金融庁は、平成22年7月13日、公認会計士・監査審査会から、同審査会が永昌監査法人に対して行った検査の結果に基づき、公認会計士法第41条の2の規定による当該監査法人に対する行政処分その他の措置を講ずるようPDF勧告を受けました。

同勧告を踏まえ、金融庁は本日、下記のとおり当該監査法人に対して、公認会計士法第34条の21第2項第3号に基づく処分を行いました。

1.処分の概要

  • (1)処分の対象

    永昌監査法人

  • (2)処分の内容

    業務改善命令(業務管理体制の改善)

  • (3)処分理由

    永昌監査法人については、別紙のとおり、運営が著しく不当と認められるため。

2.業務改善命令の内容

  • (1)監査業務の品質管理に対する責任態勢の強化

  • (2)日本公認会計士協会の品質管理レビューによる指摘事項、定期的検証による発見事項等の改善を組織的に行うことを含む品質管理のシステムの監視態勢の強化

  • (3)監査の基準に準拠した監査手続を実施するための態勢の強化(リスク・アプローチに基づいた監査計画の立案、会計上の見積りなど、検査において指摘された事項の改善を含む。)

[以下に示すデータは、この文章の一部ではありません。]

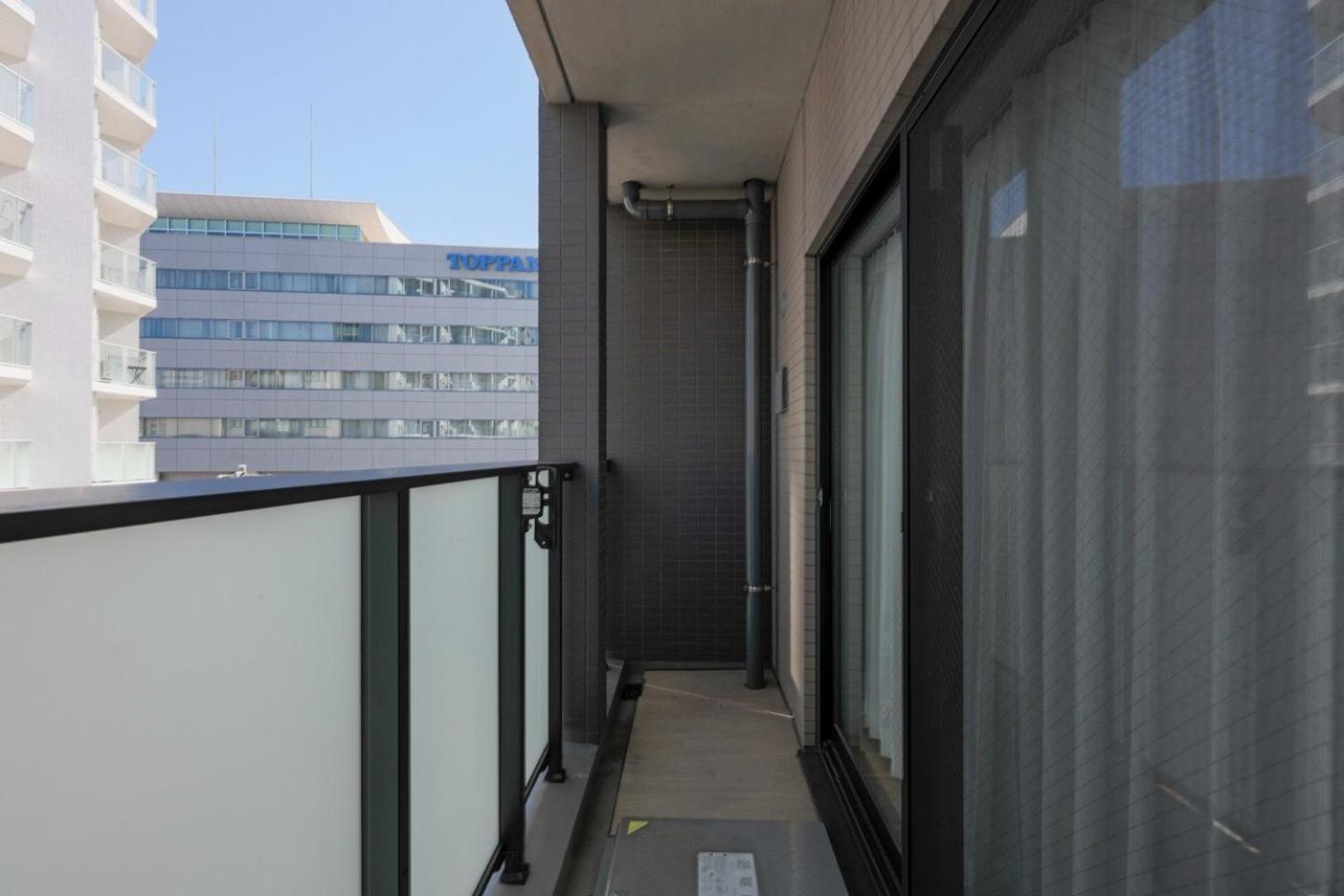 Alterna Kuramae Apartamento Tokio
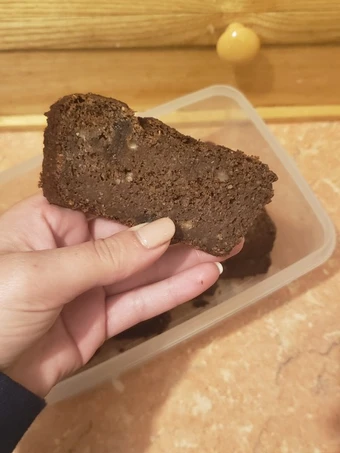 Simple Way Prepare Recipe Vegan Banana bread that is So Delicious, Can Spoil the Tongue}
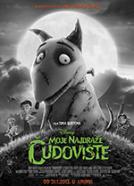 Moje najdraže čudovište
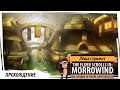 The Elder Scrolls III: Morrowind Серия №3 "Тёмное братство убивает"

  • (4)監査の基準に準拠した審査手続を実施するための態勢の強化(審査に諮るべき具体的事項を明確化していないこと、業務執行社員との討議による審査及び監査上の重要な判断に係る審査を実施していない監査業務並びに審査完了前に監査報告書を発行している監査業務がみられることなど、検査において指摘された事項の改善を含む。)

  • (5)上記(1)から(4)に関する業務の改善計画を平成22年11月15日までに提出し、直ちに実行すること。

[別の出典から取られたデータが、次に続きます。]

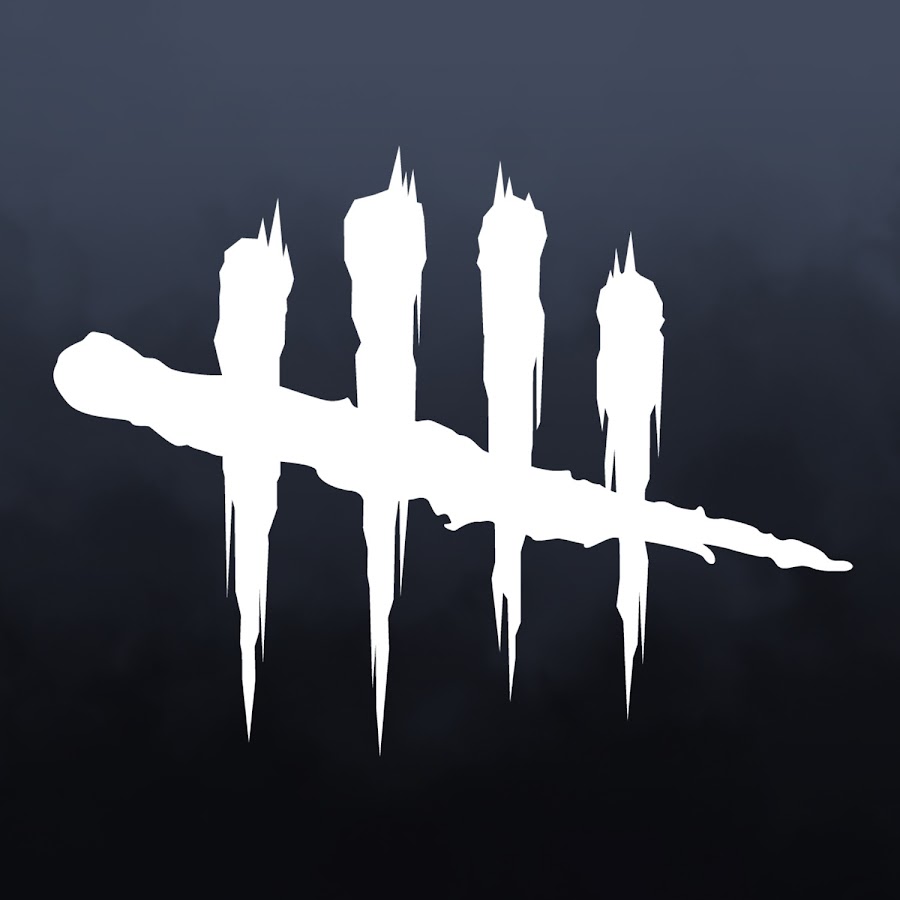 Dead by Daylight Logo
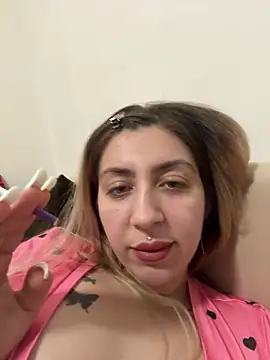 Snapshot of dalia0710 chatting on 31, 1, 2026 dalia0710 online show from 31, 1, 2026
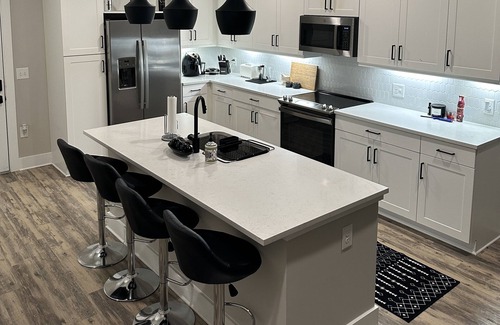 Kirkwood Apartment | Luxury Apartment in Atlanta.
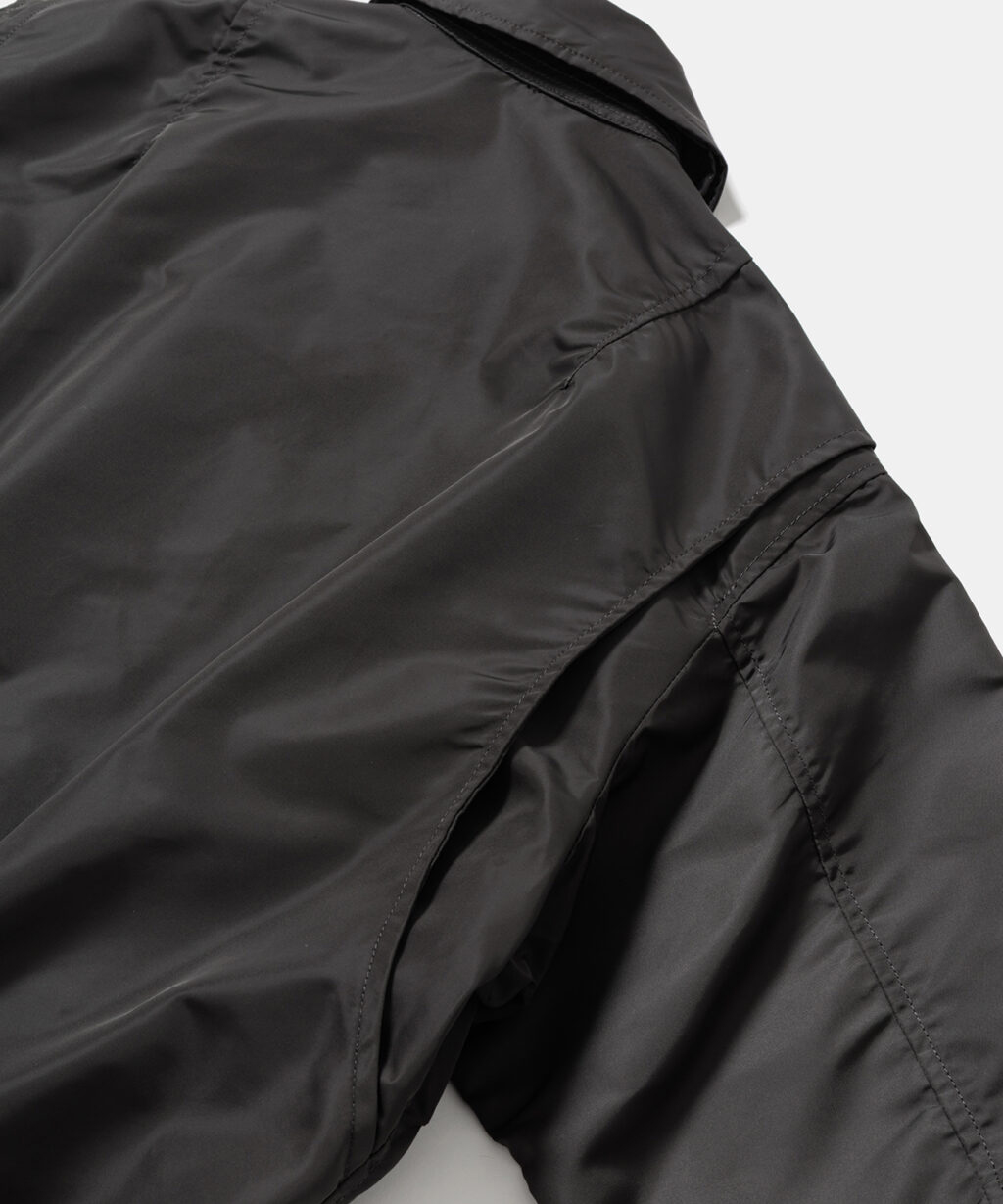 HYKE for BIOTOP TYPE CWU-36P JACKET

  • (6)上記(5)の実行後、当該業務の改善計画の実施完了までの間、平成23年4月末日を第一回目とし、以後、6ヶ月ごとに計画の進捗・実施及び改善状況を取りまとめ、翌月15日までに報告すること。

お問い合わせ先

金融庁 Tel 03-3506-6000(代表)
総務企画局企業開示課(内線3654、2764)

別紙

永昌監査法人の運営は、下記のとおり著しく不当なものと認められる。

  • 理事長及び品質管理委員長は、監査の基準において求められている監査業務の品質管理に関する必要な指示及び監督を十分に行っていない。さらに、監査業務に係る審査や品質管理のシステムの監視が実効性をもって実施されていないなど、その業務運営は、監査業務の質を合理的に確保するものとなっていない。

  • 監査業務の実施については、監査業務を行うために必要な要員が確保されていないこと等から、リスク・アプローチに基づく監査計画の立案及び会計上の見積り等の重要な項目について、監査の基準に準拠した監査手続が行われていない監査業務がみられる。

  • 監査業務に係る審査については、審査に諮るべき具体的事項が明確にされておらず、また、審査担当者において、監査の基準に関する理解が不足している。さらに、業務執行社員との討議による審査や監査上の重要な判断に係る審査を実施していない監査業務、審査完了前に監査報告書を発行している監査業務がみられるなど、審査態勢は著しく不十分である。

  • 日本公認会計士協会の品質管理レビューの指摘事項については、監査法人として具体的な改善計画を作成していないほか、品質管理委員長が改善のための必要な措置を講じていないことから、改善されていない事項等が多数みられており、改善に向けた取組が著しく不十分である。